Scan the lines below; pull out those with "Fashionable".

— Data to use —
------------------------------------
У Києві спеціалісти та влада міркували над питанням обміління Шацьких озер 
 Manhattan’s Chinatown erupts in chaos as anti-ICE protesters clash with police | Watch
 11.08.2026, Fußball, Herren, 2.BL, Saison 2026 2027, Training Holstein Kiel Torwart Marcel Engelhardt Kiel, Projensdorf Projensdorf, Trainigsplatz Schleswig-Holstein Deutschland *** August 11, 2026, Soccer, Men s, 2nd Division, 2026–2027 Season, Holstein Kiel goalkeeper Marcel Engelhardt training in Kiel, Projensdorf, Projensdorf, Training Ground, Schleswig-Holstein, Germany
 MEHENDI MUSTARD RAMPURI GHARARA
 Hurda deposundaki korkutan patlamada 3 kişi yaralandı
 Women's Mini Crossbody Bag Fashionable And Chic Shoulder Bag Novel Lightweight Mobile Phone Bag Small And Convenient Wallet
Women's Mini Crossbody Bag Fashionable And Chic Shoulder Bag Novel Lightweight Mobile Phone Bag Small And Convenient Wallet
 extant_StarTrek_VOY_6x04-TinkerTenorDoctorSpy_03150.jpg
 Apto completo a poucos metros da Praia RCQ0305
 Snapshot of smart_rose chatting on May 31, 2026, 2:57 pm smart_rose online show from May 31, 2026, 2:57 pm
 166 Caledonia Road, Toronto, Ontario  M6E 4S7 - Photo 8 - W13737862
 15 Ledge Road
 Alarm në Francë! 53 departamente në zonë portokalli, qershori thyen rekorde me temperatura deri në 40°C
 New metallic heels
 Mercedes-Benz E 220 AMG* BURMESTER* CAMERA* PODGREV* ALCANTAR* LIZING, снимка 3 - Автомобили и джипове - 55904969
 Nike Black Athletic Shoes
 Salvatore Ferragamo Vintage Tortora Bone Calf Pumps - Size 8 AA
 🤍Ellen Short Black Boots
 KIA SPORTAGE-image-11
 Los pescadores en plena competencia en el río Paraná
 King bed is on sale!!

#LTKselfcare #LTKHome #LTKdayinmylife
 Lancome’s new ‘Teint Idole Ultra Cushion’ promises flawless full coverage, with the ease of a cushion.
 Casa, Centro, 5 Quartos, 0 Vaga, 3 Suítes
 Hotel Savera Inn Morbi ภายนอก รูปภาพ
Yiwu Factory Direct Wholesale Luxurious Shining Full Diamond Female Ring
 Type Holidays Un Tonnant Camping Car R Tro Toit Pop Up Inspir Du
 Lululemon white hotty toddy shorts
------------------------------------
— Solution —
 Women's Mini Crossbody Bag Fashionable And Chic Shoulder Bag Novel Lightweight Mobile Phone Bag Small And Convenient Wallet
Women's Mini Crossbody Bag Fashionable And Chic Shoulder Bag Novel Lightweight Mobile Phone Bag Small And Convenient Wallet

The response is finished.